After Independence at Arcola, E8
reviewed for The Times, 10th May 2016
British audiences remember the Zimbabwean land crisis of the early 2000s from a steady diet of predictable TV images. Embattled white farmers, loss and pride etched in their faces, facing down gangs of Robert Mugabe’s thugs. Zanu-PF told a different story about these suspiciously young “veterans” of Zimbabwe’s decades-past war of liberation, righting a century of racial injustice. Yet in a debut of astonishing maturity, the British-Zambian writer May Sumbwanyambe takes us far beyond any of these easy narratives, diffracting hackneyed questions of race, justice and revenge into a subtle family drama.
When his daughter was born, about 20 years ago, Guy planted an acacia tree in her honour and gave her an African name, Chipo. Guy (Peter Guinness) is the fourth generation to farm his land, once named Independence in the spirit of colonial entrepreneurship; Chipo (Beatriz Romilly) hopes to be the fifth. Now, however, they can either accept the paltry cheque from Mugabe’s land redistribution programme or wait for bush gangs to seize the farm instead.

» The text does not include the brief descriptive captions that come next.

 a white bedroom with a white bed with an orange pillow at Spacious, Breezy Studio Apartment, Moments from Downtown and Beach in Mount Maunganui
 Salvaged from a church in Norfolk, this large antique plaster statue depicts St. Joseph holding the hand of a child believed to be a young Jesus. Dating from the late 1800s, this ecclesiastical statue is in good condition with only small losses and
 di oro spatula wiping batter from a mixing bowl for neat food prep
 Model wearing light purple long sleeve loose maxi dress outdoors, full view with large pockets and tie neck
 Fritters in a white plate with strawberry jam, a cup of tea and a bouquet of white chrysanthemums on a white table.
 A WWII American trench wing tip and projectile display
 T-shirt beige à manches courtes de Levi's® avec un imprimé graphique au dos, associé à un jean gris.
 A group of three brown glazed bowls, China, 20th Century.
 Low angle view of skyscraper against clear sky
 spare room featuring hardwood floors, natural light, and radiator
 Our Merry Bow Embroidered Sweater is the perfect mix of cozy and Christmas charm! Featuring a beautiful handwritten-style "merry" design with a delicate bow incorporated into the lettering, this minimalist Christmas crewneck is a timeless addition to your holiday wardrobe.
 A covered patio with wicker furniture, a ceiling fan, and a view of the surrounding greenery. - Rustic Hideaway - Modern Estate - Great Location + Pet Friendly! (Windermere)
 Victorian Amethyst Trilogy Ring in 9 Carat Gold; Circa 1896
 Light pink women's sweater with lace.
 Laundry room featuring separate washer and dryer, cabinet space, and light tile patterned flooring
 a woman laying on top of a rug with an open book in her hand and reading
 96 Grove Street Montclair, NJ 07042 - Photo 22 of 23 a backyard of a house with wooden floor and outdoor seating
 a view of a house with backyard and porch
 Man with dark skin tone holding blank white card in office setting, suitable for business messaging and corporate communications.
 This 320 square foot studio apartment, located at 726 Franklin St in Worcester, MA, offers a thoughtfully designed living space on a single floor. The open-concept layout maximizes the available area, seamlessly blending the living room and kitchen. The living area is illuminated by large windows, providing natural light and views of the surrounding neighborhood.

Stefan Adegbola is outstanding as Charles, the government repo man trying to offer Guy a peaceful way out while nursing his own family’s experience of racialised suffering. Romilly’s Chipo gets lumbered with Sumbwanyambe’s few clichés but invests them with compelling dignity. The South African actress Sandra Duncan adds the most texture to a smaller role, as Chipo’s archly weary mother, Kathleen. “I never had independence, Chipo”, Kathleen sighs. “I married your father and everything that goes with him.”
George Turvey’s staging doesn’t always illuminate Sumbwanyambe’s more opaque stage directions. (How is Chipo spooked by a slight gesture from Charles?) Yet Christopher Nairne’s space-savvy lighting raises a bleak bush sunlight over Max Dorey’s set, both perfectly formed for the Arcola’s smaller studio. Sumbwanyambe, one hopes, will go on to larger-scale commissions. He is a rare discovery.